Bir zamanlar “Eniştem” dediği adama bugün “Hayatım” diyor. Kulağa biraz alaturka dizi senaryosu gibi geliyor ama hayat zaten bol reytingli bir dizi değil midir? Bazıları için…

“Eniştemdi… Şimdi canımın içi.”

Siz ne derseniz deyin, ben kendi hikâyemin başrolündeyim ve sahne benim diyor kadın…

Bir kadının, bir erkek için “Eniştem” demişse, o adam sonsuza kadar cinsel olarak nötralize edilmiş, bir tür sosyal hadım operasyonu geçirmiş demektir.
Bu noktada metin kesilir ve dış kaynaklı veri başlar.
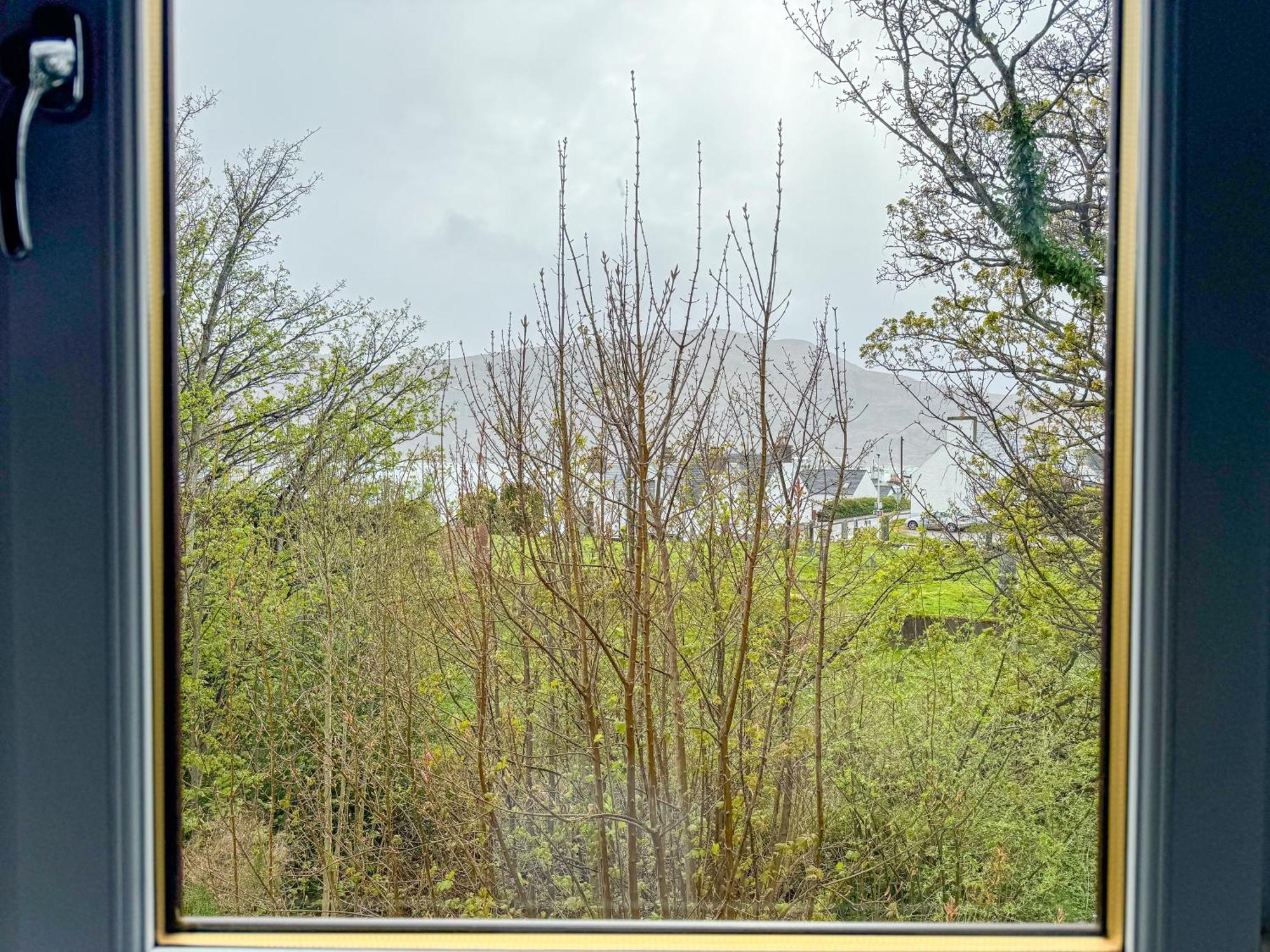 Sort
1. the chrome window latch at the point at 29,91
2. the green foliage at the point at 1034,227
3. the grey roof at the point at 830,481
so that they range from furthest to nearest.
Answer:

Artık o adam, o kadın için abidir, baba yarısıdır, amcadır.

Bir kadının kendine “yakıştırmadığı” bir aşkı yaşaması yeterince ayıptır bu coğrafyada.

Hele hele o aşkın nesnesi bir zamanlar “Eniştem” dediğin adamsa… İşte o zaman mahalle yanar ve kepazeliğin ağırlığı 20 ton olur.

“Enişte” dediğin adamla birlikte olduğunda ne kadınlığın zirve yapar ne de adamın(!) erkekliği artar. Ama her ikinizinde “ahlak hanenize” kocaman bir çarpı koyarlar.

“Kalp bu, kimin kime âşık olacağı belli olmaz.”
“Zaten evlilikleri bitmişti.”
“Zaten yıllardır mutlulukları kalmamıştı.”

Klişe olmuş bahanelere sığınmak ikinizi bu girdaptan çıkarmaya kafi gelmez.

Bayramlarda sarılmış, doğum günlerinde bir birlerine hediyeler almış, hatta evlilik yıldönümlerinde “Allah bir yastıkta kocatsın” dedikten sonra bir gün yumuşak bulduğun o yastığa göz koymuşsan seni ben değil, mezardan İsmet paşa çıksa kurtaramaz! :)

“Eniştem ve kardeşim” dedin mi bir kadın ve bir adam otomatik olarak “dokunulmazlar listesi”ne girer. Ama siz bu kelimeleri “ileride işime yarayabilir” diye yanlış anlamışsınız maalesef.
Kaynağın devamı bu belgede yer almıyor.